Mais ces derniers craignent que la manière dont il est mis en œuvre ne conduise facilement à la censure des utilisateurs des réseaux sociaux plutôt qu'à freiner les dérives des réseaux eux-mêmes. De telles impressions n'ont pas été aidées lorsque le ministre de l'Intérieur Sajid Javid a approuvé le concept, au moins, de modération préalable du contenu avant sa publication. Les propositions du gouvernement créeraient une réglementation étatique du discours de millions de citoyens britanniques, déclare Jim Killock, directeur exécutif des défenseurs de la confidentialité numérique, Open Rights Group.
Selon Eric Kind, consultant en surveillance et conférencier, les propositions britanniques affirment un devoir de diligence envers les utilisateurs en tant qu'idée centrale et appel de ralliement sous lequel une variété d'options politiques sont assises. Cela représenterait quelque chose de considérablement nouveau pour les entreprises technologiques.
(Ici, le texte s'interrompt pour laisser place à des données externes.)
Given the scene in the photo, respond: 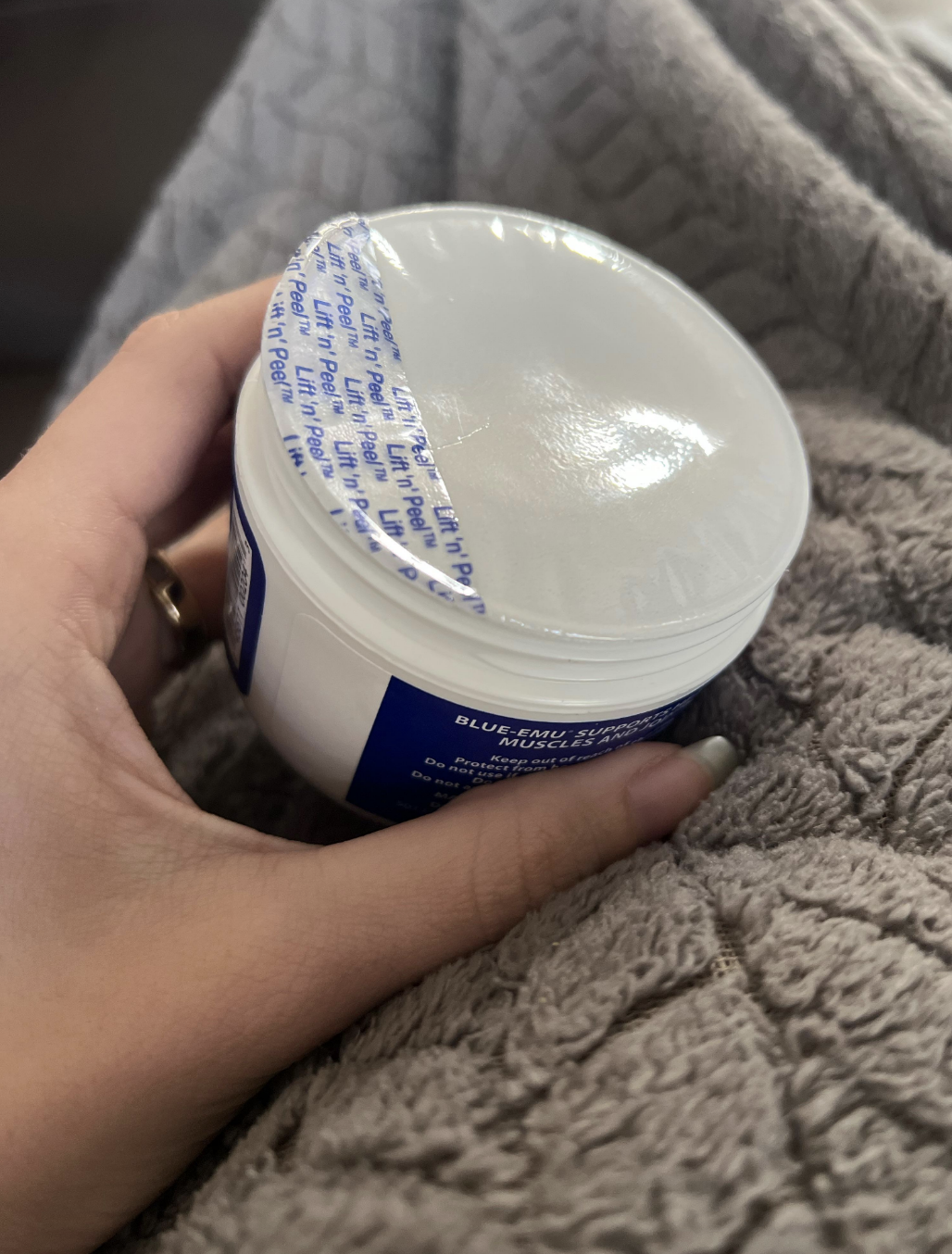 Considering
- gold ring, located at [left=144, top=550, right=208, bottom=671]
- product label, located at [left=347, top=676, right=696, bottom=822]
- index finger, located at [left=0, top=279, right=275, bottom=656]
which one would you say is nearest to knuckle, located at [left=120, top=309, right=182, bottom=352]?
index finger, located at [left=0, top=279, right=275, bottom=656]

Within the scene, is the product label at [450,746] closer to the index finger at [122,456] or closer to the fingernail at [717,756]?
the fingernail at [717,756]

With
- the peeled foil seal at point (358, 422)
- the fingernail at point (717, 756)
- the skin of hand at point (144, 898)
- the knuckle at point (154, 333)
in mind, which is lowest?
the skin of hand at point (144, 898)

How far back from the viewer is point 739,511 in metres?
0.34

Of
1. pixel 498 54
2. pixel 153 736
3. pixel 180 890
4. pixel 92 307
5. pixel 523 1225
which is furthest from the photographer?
pixel 92 307

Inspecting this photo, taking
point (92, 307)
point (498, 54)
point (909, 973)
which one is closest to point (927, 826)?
point (909, 973)

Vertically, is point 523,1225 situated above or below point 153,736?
above

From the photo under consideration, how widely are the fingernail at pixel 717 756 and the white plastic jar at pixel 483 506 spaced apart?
0.13 ft

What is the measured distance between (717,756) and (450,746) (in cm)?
15

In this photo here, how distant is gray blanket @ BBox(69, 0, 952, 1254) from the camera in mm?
260

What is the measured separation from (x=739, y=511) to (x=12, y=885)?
334mm

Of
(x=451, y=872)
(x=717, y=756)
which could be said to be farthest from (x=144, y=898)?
(x=717, y=756)

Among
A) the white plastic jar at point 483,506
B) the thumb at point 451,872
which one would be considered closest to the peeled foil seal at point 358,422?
the white plastic jar at point 483,506

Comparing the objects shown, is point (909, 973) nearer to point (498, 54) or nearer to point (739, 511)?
point (739, 511)

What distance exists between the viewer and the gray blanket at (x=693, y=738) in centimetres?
26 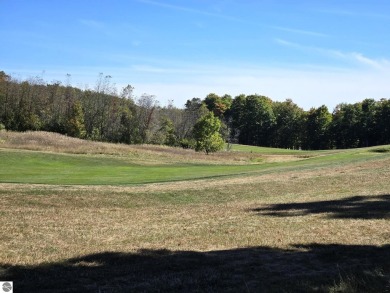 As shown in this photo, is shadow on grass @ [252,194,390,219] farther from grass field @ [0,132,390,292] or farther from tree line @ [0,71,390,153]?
tree line @ [0,71,390,153]

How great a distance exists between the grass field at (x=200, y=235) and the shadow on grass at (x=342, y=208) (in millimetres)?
47

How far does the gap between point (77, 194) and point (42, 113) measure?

Les plans éloignent également le point de vue du gouvernement de toute idée selon laquelle l'industrie technologique est en quelque sorte apatride ou ingouvernable - jugeant plutôt, probablement à juste titre, que le marché britannique est suffisamment vaste et riche pour donner à l'industrie un puissant intérêt à se conformer même à la législation qu'ils détestaient. .
Là où les plans échouent, cependant, c'est dans la mise en œuvre. Toutes les complexités sont renvoyées, soit aux étapes législatives ultérieures, soit au régulateur, soit aux géants de la technologie eux-mêmes. Il y a peu ou pas de tentatives pour définir les préjudices ou pour élaborer des sanctions précises. Là où le rapport tente d'être modéré - par exemple, en disant qu'un nouveau régulateur devrait être attentif à l'innovation - il ne précise pas ce que cela signifie.
Pour certains, ce flou est alarmant. Le Royaume-Uni dispose déjà de certaines des lois les plus strictes au monde - via la loi sur les pouvoirs d'enquête - sur l'accès et la surveillance des internautes et l'obtention de leurs données auprès des fournisseurs.
Compte tenu de la faiblesse du gouvernement britannique et de la (probable) démission imminente de la première ministre Theresa May, il est peu probable que ce livre blanc, sous sa forme actuelle, devienne loi. Mais cela pourrait servir de référence aux régulateurs du Royaume-Uni et d'ailleurs. La voie qu'elle représente est susceptible d'être adoptée par le gouvernement qui succèdera à celui-ci.
Pour le meilleur ou pour le pire, cela pourrait représenter une nouvelle direction pour Internet, du moins en Europe. Pour les États-Unis, avec leur premier amendement, nous pouvons nous attendre à ce que l'histoire se déroule très différemment.